Gov. Gavin Newsom has signed Assembly Bill 2098, making California the first state in the United States to censor what medical doctors can tell the public about COVID-19. This is dangerous, and most likely an unconstitutional move that other states must resist.
The law states that “It shall constitute unprofessional conduct for a physician and surgeon to disseminate misinformation or disinformation related to COVID-19, including false or misleading information regarding the nature and risks of the virus, its prevention and treatment; and the development, safety, and effectiveness of COVID-19 vaccines.”
The Medical Board of California, presently defines “unprofessional conduct” as “breach of confidence, record alteration, filing fraudulent insurance claims, misleading advertising, failure to sign death certificates in a timely manner, failure to provide medical records to a patient, patient abandonment, etc.”
A 2018 Supreme Court case, National Institute of Family and Life Advocates v. Becerra, held that expert speech– speech by qualified practitioners based upon their specialist understanding and also judgment– is safeguarded by the First Amendment as reported by The New York Post.

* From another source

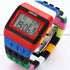 Rainbow Building Blocks Digital LED Light Ladies Men's Waterproof Sport Watch LED087...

The court, however, did suggest that laws of expert conduct pertaining to expert speech could be considered. Speech that becomes part of medical practice has historically been subject to licensing as well as regulation by states.
It is unclear at this time whether offering advice to a patient, for example: whether or not to wear a mask or discussing the security of in-person learning– is close enough to medical advice and treatments to pass constitutional muster. This will definitely be decided in future lawsuits.
However, the statute clearly has constitutional troubles in specifying COVID “misinformation.”
The law’s interpretation is “false information that is contradicted by contemporary scientific consensus contrary to the standard of care.” This is ridiculous and most likely unconstitutionally vague as defined by Cornell Law School’s Legal Information Institute,
“A constitutional rule that requires criminal laws to state explicitly and definitely what conduct is punishable. Criminal laws that violate this requirement are said to be void for vagueness. The vagueness doctrine rests on the due process clauses of the Fifth and Fourteenth Amendments of the U.S. Constitution. By requiring fair notice of what is punishable and what is not, the vagueness doctrine also helps prevent arbitrary enforcement of the laws… Under vagueness doctrine, a statute is also void for vagueness if a legislature’s delegation of authority to judges and/or administrators is so extensive that it would lead to arbitrary prosecutions.”
As the Supreme Court noted, “Professionals might have a host of good-faith disagreements, both with each other and with the government, on many topics in their respective fields.”
The statute does not specify that is the arbiter of “contemporary scientific consensus” on COVID.
According to The Western Journal, a group of doctors, the Physicians for Informed Consent, opposed the legislation on the grounds that it would silence physicians, explaining in a statement that the law unconstitutionally targets them, “attempting to intimidate by investigation, censor and sanction physicians who publicly disagree with the government’s ever-evolving, erratic, and contradictory public health Covid-19 edicts.”